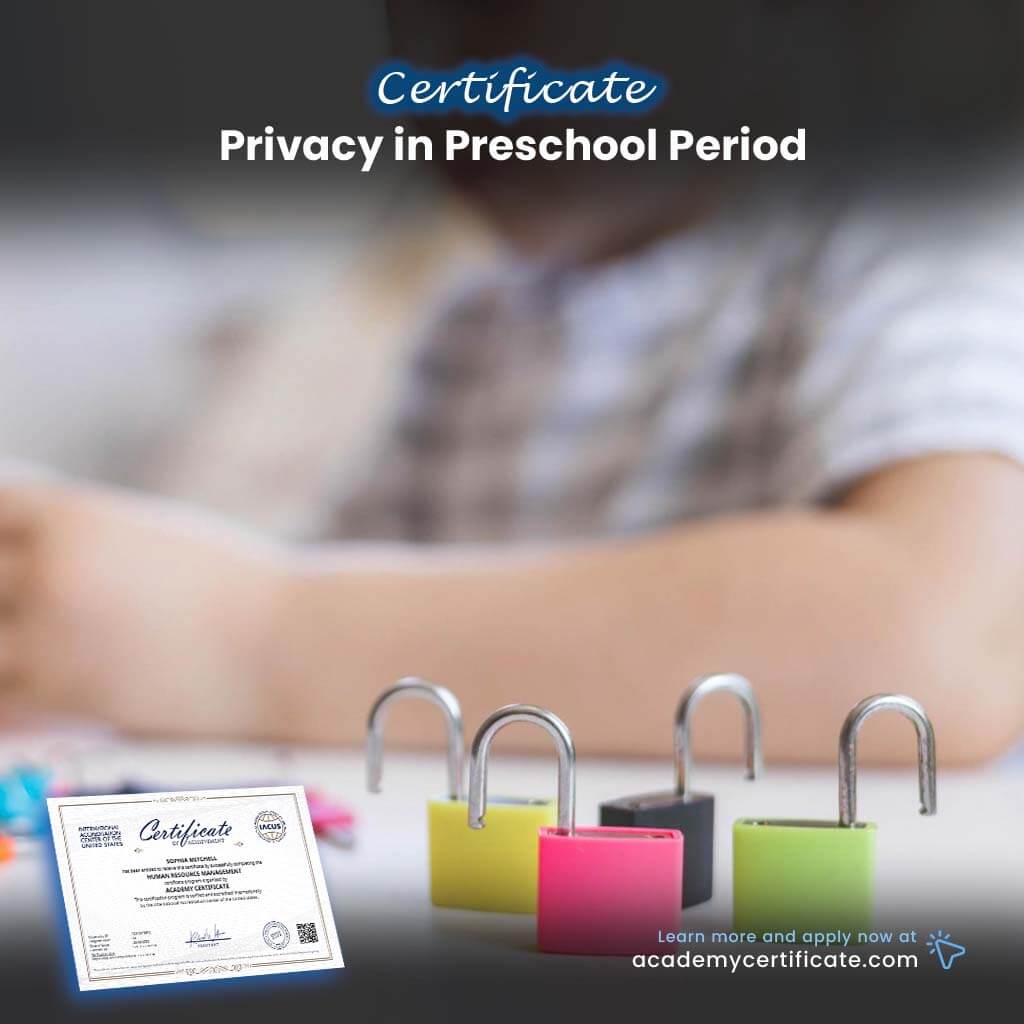 Privacy in Preschool Period Certificate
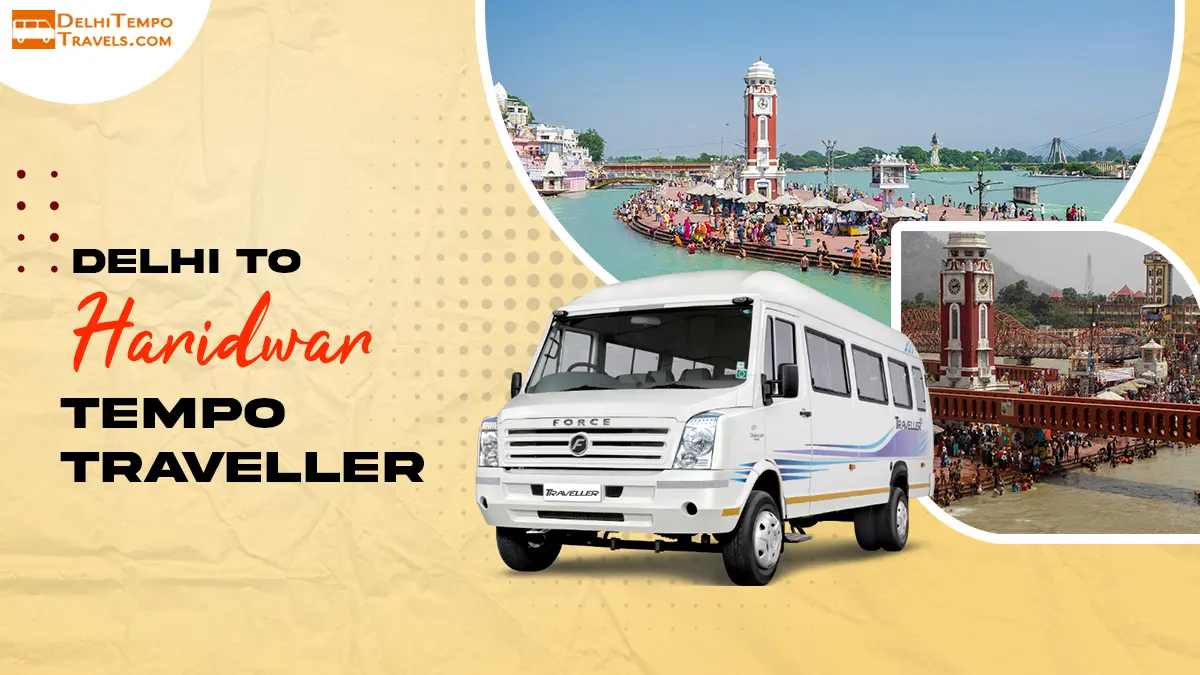 Delhi to Haridwar Tempo Traveller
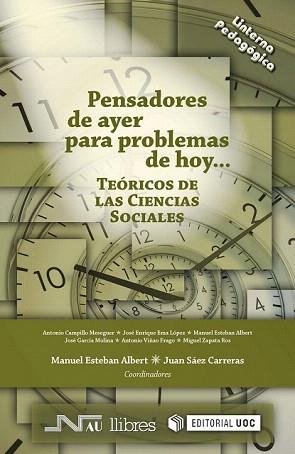 PENSADORES DE AYER PARA PROBLEMAS DE HOY: TEÓRICOS DE LAS CIENCIAS SOCIALES | 9788476429358 | ESTEBAN ALBERT, MANUEL / SÁEZ CARRERAS, JUAN | Llibreria Aqualata | Comprar libros en catalán y castellano online | Comprar libros Igualada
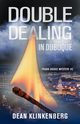Double Dealing in Dubuque (Frank Dodge Mystery #2), Klinkenberg Dean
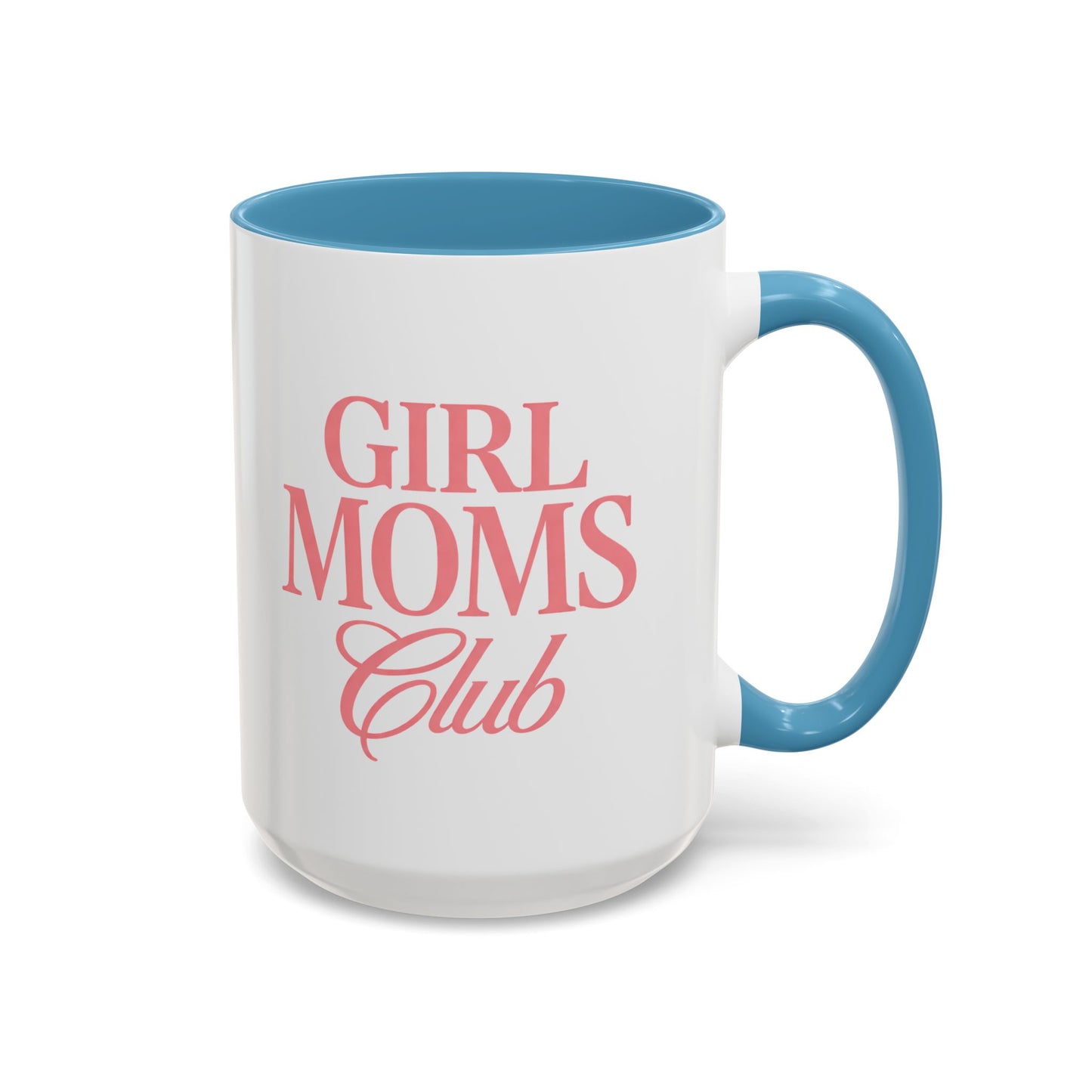 Girl Moms Club Accent Coffee Mug — 11/15oz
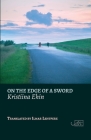 On the Edge of a Sword By Kristiina Ehin, Ilmar Lehtpere (Translator) Cover Image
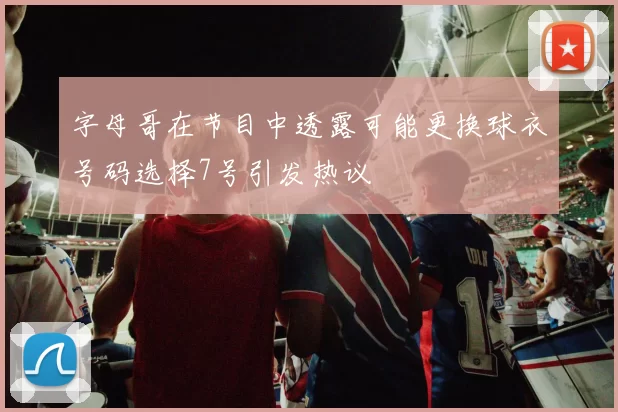 字母哥在节目中透露可能更换球衣号码选择7号引发热议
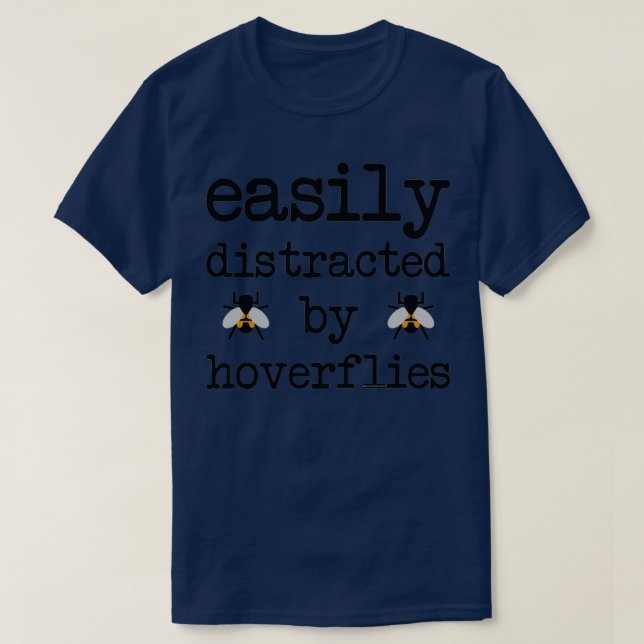 T-shirt Facilement distrait par les mouches volantes (Design devant)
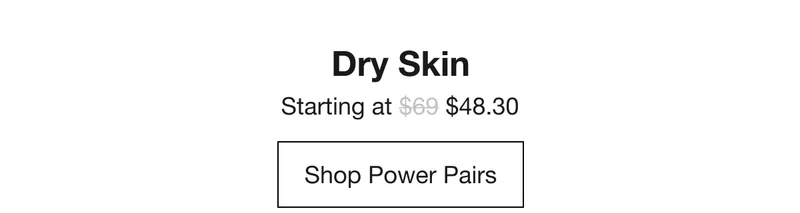 Dry Skin | Starting at $48.30 | Shop Power Pairs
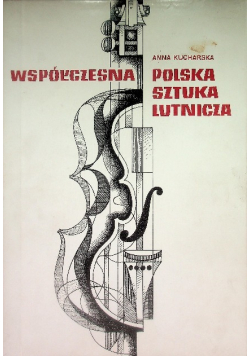 Współczesna Polska sztuka lutnicza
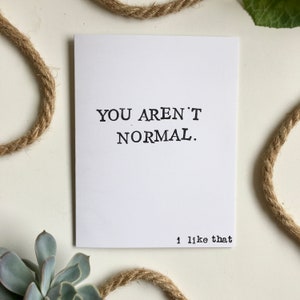 Vous n'êtes pas normal - carte ami étrange - cartes pour amis - anniversaire d'un ami - amis étranges - carte meilleur ami - carte relation drôle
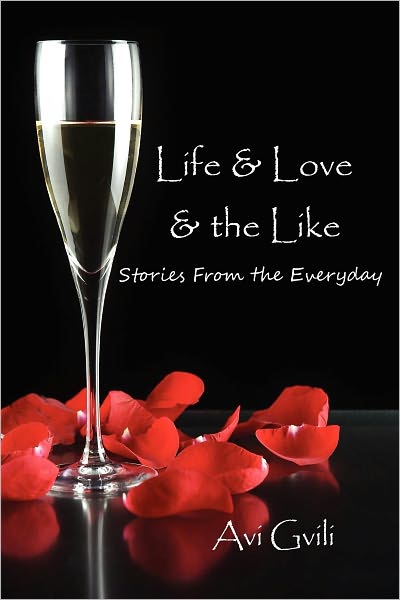 Life & Love & the Like: Stories from the Everyday
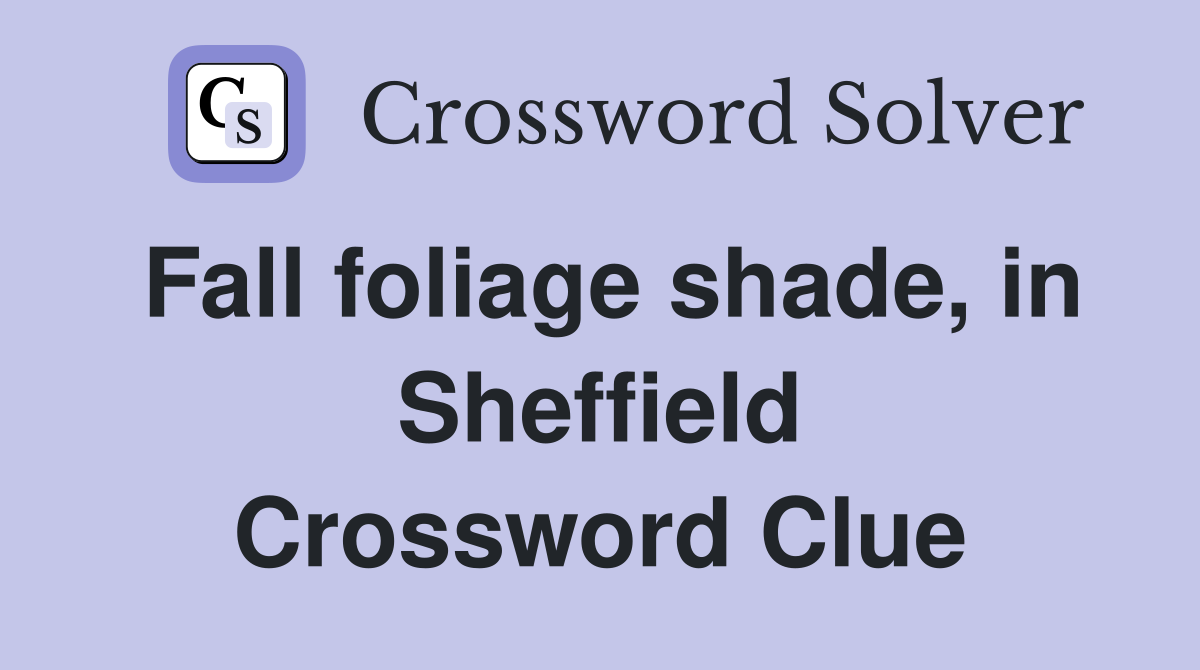 Fall foliage shade, in Sheffield Crossword Clue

TASK BRIEF
Reproduce the data above exactly, but only the lines from the one showing "T-shirt Facilement distrait" through the one showing "Life & Love", with both ends kept and the pictures left out.

RESPONSE TO THIS TASK
 T-shirt Facilement distrait par les mouches volantes (Design devant)
 Dry Skin | Starting at $48.30 | Shop Power Pairs
 Współczesna Polska sztuka lutnicza
 Vous n'êtes pas normal - carte ami étrange - cartes pour amis - anniversaire d'un ami - amis étranges - carte meilleur ami - carte relation drôle
 Life & Love & the Like: Stories from the Everyday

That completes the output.